**WHAT TO WORK ON**
Exactly the lines from the line containing "Thầy trò Park" through the final line of the entries below must be returned, and only those, without pictures.

**SOURCE RECORDS**

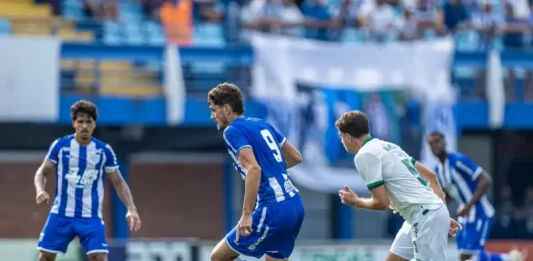 Jogadores de Avaí e Juventude disputam bola em campo pela Série B, representando o momento do futebol catarinense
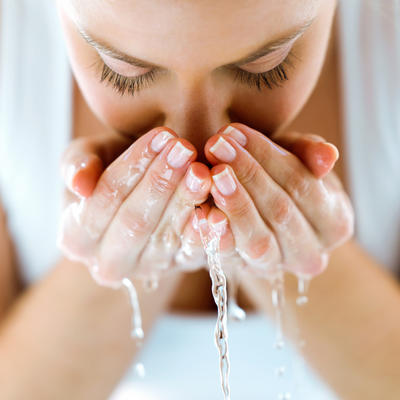 POKUŠAJTE DA IH IZBEGNETE, JER SU JAKO ŠTETNE ZA KOŽU: Ovo su najčešće greške koje pravimo pri umivanju i čišćenju lica!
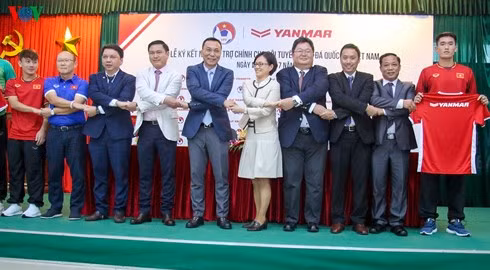  Thầy trò Park Hang Seo nhận tài trợ từ Yanmar để chuẩn bị cho AFF Cup 2018. (Ảnh: T.P)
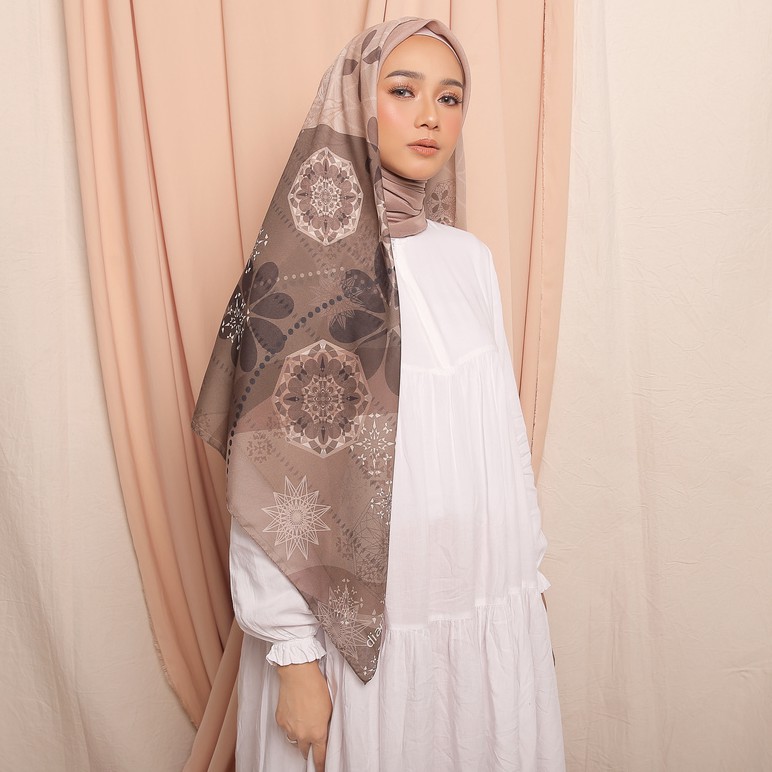 Diario - Kerudung Segi Empat Printing Collection-Marrakech Olive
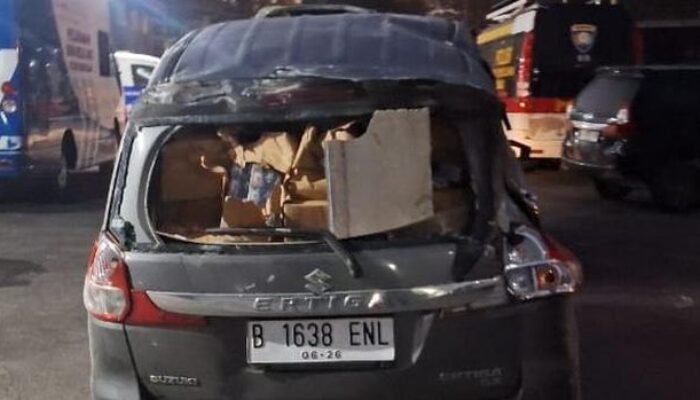 Aksi Kejar-kejaran di Bangkalan, Mobil Rokok Ilegal Hantam Rumah Warga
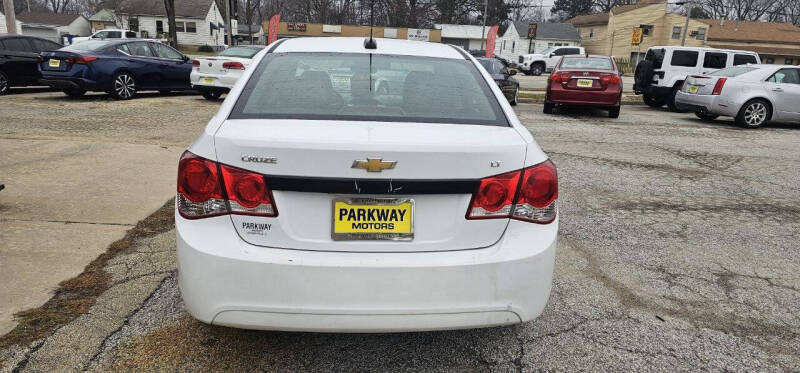 2015 Chevrolet Cruze 2LT photo 4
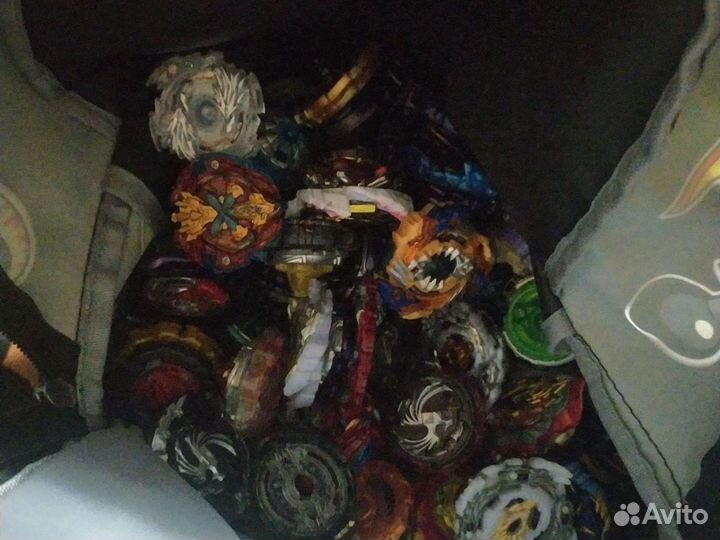 Волчки бейблэйд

**EXERCISE SOLUTION**
  Thầy trò Park Hang Seo nhận tài trợ từ Yanmar để chuẩn bị cho AFF Cup 2018. (Ảnh: T.P)
 Diario - Kerudung Segi Empat Printing Collection-Marrakech Olive
 Aksi Kejar-kejaran di Bangkalan, Mobil Rokok Ilegal Hantam Rumah Warga
 2015 Chevrolet Cruze 2LT photo 4
 Волчки бейблэйд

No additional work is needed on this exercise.